You can think of Atomic Data more like a (dynamic) SQL database that offers guarantees about its content type, and a Solid Pod more like a document store that takes in all kinds of content. Most of the differences have to do with how Atomic Schema aims to make linked data easier to work with, but that is covered in the previous RDF chapter.
Atomic Data standardizes state changes (event sourcing)
With Solid, you change a Resource by sending a POST request to the URL that you want to change. With Atomic, you change a Resource by sending a signed Commit that contains the requested changes to a Server.
Event sourcing means that all changes are stored (persisted) and used to calculate the current state of things. In practice, this means that users get a couple of nice features for free:
- Versioning for all items by default. Storing events means that these events can be replayed, which means you get to traverse time / undo / redo.
- Edit / audit log for everything. Events contain information about who made which change at which point in time. Can be useful for finding out why things are the way they are.
- Easier to add query options / indexes. Any system can play-back the events, which means that the events can be used as an API to add new query options / fill new indexes. This is especially useful if you want to add things like full-text search, or some geolocation index.
It also means that, compared to Solid, there is a relatively simple and strict API for changing data.
Atomic Data has a uniform write API.
All changes to data are done by posting Commits to the /commits
endpoint of a Server.
This removes the need to think about differences between all sorts of HTTP methods like POST / PUT / PATCH, and how servers should reply to that.
EDIT: as of december 2021, Solid has introduced .n3 patch
for standardizing state changes.
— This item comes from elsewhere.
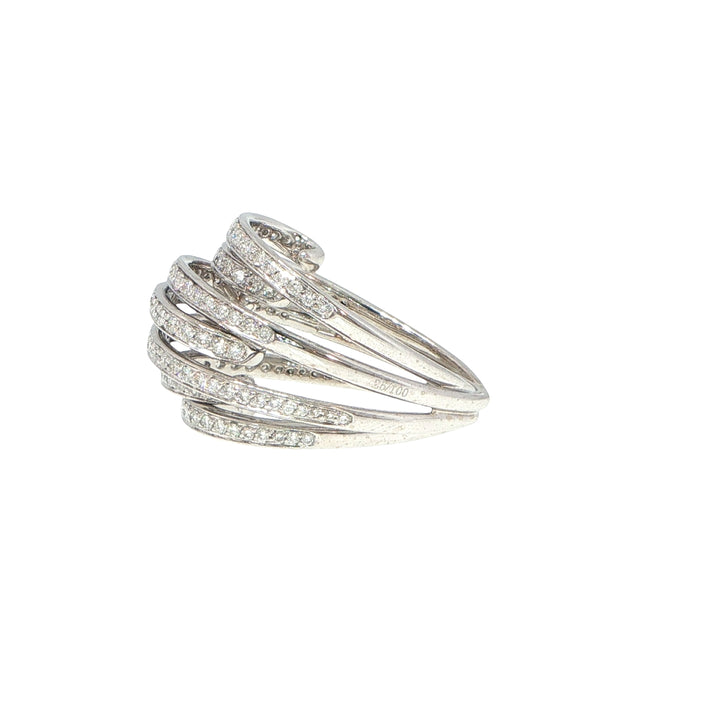 Io Si 18K White Gold 7 Row Diamond Ring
Although this adds a uniform way of describing changes, it still lacks the power of Atomic Commits. It does not specify signatures, mention versioning, or deals with persisting changesets. On top of that, it is quite difficult to read or parse, being .n3
.
Atomic Data is more easily serializable to other formats (like JSON)
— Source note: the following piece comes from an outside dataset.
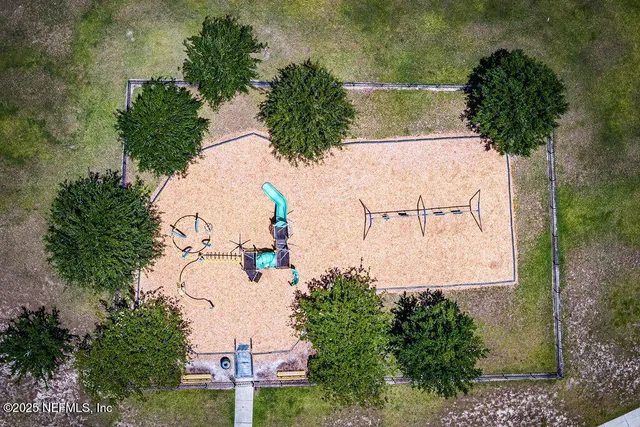 an aerial view of a house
Atomic Data is designed with the modern (web)developer in mind. One of the things that developers expect, is to be able to traverse (JSON) objects easily. Doing this with RDF is not easily possible, because doing this requires subject-predicate uniqueness. Atomic Data does not have this problem (properties must be unique), which means that traversing objects becomes easy.
Another problem that Atomic Data solves, is dealing with long URLs as property keys.
Atomic Data uses shortnames
to map properties to short, human-readable strings.
For more information about these differences, see the previous RDF chapter.
Authentication
Both Solid an Atomic Data use URLs to refer to individuals / users / Agents.
Solid's identity system is called WebID. There are multiple supported authentication protocols, the most common being WebID-OIDC.
Atomic Data's authentication model is more similar to how SSH works. Atomic Data identities (Agents) are a combination of HTTP based, and cryptography (public / private key) based. In Atomic, all actions (from GET requests to Commits) are signed using the private key of the Agent. This makes Atomic Data a bit more unconventional, but also makes its auth mechanism very decentralized and lightweight.
Hierarchy and authorization
Atomic Data uses parent-child
hierarchies to model data structures and perform authorization checks.
This closely resembles how filesystems work (including things like Google Drive).
Per resource, write
and read
rights can be defined, which both contain lists of Agents.
Solid is working on the Shape Trees spec, which also describes hierarchies. It uses SHEX to perform shape validation, similar to how Atomic Schema does.
No dependency on existing semantic web specifications
The Solid specification (although still in draft) builds on a 20+ year legacy of committee meetings on semantic web standards such as RDF, SPARQL, OWL and XML. I think the process of designing specifications in various (fragmented) committees has led to a set of specifications that lack simplicity and consistency. Many of these specifications have been written long before there were actual implementations. Much of the effort was spent on creating highly formal and abstract descriptions of common concepts, but too little was spent on making specs that are easy to use and solve actual problems for developers.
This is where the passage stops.